Cubase 8.05-64: Poly 20: average load 65-70; real-time peaks to 85-90%, sometime peaks to overs

Audio buffer size 512:

Cubase 6.55-64: Poly 100: ASIO around 50% peaks to 55% when loop starts again
Cubase 6.55-64: Poly 120: ASIO around 55% peaks to 60% when loop starts again
Cubase 6.55-64: Poly 140: ASIO around 70-75% peaks to over when loop starts again

Cubase 7.5.30-64: Poly 100: average load 55; real-time peaking around to 65%, sometime peaks to 90%
Cubase 7.5.30-64: Poly 140: average load 65; real-time peaking around to 75%, sometime peaks to over

Cubase 8.05-64: Poly 100: average load 60; real-time peaks to 90%, sometime peaks to over

Audio buffer size 1024:

Cubase 6.55-64: Poly 140 ASIO around 50-55%
Cubase 6.55-64: Poly 180 ASIO around 60-65%
Cubase 6.55-64: Poly 200 ASIO around 65-70%%, no overload! Poly 220 with overload when loop moves back to begin

Cubase 7.5.30-64: Poly 140: average load 55; real-time 65% peaks to 90% when loop starts again
Cubase 7.5.30-64: Poly 180: average load 65; real-time 70-75% peaks to over when loop starts again

Cubase 8.05-64: Poly 140: average load 60-65; real-time 75-90% sometimes peaks to over
Cubase 8.05-64: Poly 180: average load 70-75; real-time peaks to over

Audio buffer size 256 compared

Cubase 6.55-64: Poly 20 ASIO around 50%-55%;
256buf_C6.55_poly_20.jpg
Cubase 7.5.30-64: Poly 20: average load 55-60; real-time peaks to 60-75%
256buf_C7.5.30_poly_20.jpg
Cubase 8.05-64: Poly 20: average load 65-70; real-time peaks to 85-90%, sometime peaks to overs
256buf_C8.05_poly_20.jpg
Next post: buffer size 512

Audio buffer size 512 compared

Cubase 6.55-64: Poly 100: ASIO around 50% peaks to 55% when loop starts again
512buf_C6.55_poly_100.jpg
Cubase 7.5.30-64: Poly 100: average load 55; real-time peaking around to 65%, sometime peaks to 90%
512buf_C7.5.30_poly_100.jpg
Cubase 8.05-64: Poly 100: average load 60; real-time peaks to 90%, sometime peaks to overs
512buf_C8.05_poly_100.jpg
Next post: buffer size 1024

Audio buffer size 1024:

Cubase 6.55-64: Poly 140 ASIO around 50-55%
1024buf_C6.55_poly_140.jpg
Cubase 7.5.30-64: Poly 140: average load 55; real-time 65% peaks to 90% when loop starts again
1024buf_C7.5.30_poly_140.jpg
Cubase 8.05-64: Poly 140: average load 60-65; real-time 75-90% sometimes peaks to over
1024buf_C8.05_poly_140.jpg

Even though I’ve always been interested in benchmarking my old rig for ages, I must admit that the need of installing all sorts of trial versions for the DAWbench projects made me never try it out (total PITA).

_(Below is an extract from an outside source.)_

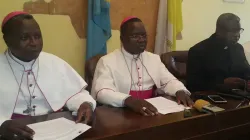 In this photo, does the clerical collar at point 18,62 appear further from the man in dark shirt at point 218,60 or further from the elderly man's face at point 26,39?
the man in dark shirt at point 218,60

So I can’t really add any measured numbers here and I can only thank you for your efforts to show your analysis in such detail.

As my system is somewhat similar to yours (at least from a “using a core2quad perspective”) here’s my two cents:

My system:
OS: Windows 8.1 Pro 64bit
CPU: Intel Core2Quad Q6700 @ 3.0GHz (tiny bit of OC)
RAM: 8 GB
Audio: Steinberg UR28M
Graphics: ATI Radeon HD3450-> 2x 1920x1080 displays, AERO on
HD: Samsung 840 Evo (OS & Cubase), 2x 500GB Hitachi HDDs (for samples & libraries | for projects)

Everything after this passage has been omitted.